• **What is being asked**:
Only those lines from the one with "Woman wearing Elixir" through the last line of the material belong in the answer, each repeated exactly.

Extracted entries: Begin

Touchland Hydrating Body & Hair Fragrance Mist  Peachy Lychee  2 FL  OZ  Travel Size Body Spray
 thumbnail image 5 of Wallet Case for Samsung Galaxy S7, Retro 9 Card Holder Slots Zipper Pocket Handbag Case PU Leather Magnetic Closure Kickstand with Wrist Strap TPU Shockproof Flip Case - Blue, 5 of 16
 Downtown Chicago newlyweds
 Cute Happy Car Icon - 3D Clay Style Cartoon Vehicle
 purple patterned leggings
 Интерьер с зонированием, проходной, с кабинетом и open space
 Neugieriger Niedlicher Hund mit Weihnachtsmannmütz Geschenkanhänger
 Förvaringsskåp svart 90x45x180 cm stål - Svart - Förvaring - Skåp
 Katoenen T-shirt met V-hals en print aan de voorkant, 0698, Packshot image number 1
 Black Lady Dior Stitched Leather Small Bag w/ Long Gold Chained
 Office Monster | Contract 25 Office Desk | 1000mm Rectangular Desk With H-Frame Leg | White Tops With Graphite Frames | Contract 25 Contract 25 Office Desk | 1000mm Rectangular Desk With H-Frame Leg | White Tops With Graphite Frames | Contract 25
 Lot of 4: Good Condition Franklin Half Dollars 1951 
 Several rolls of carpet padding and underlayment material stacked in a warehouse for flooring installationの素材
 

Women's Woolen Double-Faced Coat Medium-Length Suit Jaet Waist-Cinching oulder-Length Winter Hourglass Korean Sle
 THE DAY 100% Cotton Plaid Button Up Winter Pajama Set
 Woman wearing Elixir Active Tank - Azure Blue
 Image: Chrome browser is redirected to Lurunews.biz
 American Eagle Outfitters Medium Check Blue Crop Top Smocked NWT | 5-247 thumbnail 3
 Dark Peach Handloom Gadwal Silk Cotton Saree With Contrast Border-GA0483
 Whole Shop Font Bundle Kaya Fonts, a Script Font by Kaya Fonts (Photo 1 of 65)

Extracted entries: End

• **Response below**:
 Woman wearing Elixir Active Tank - Azure Blue
 Image: Chrome browser is redirected to Lurunews.biz
 American Eagle Outfitters Medium Check Blue Crop Top Smocked NWT | 5-247 thumbnail 3
 Dark Peach Handloom Gadwal Silk Cotton Saree With Contrast Border-GA0483
 Whole Shop Font Bundle Kaya Fonts, a Script Font by Kaya Fonts (Photo 1 of 65)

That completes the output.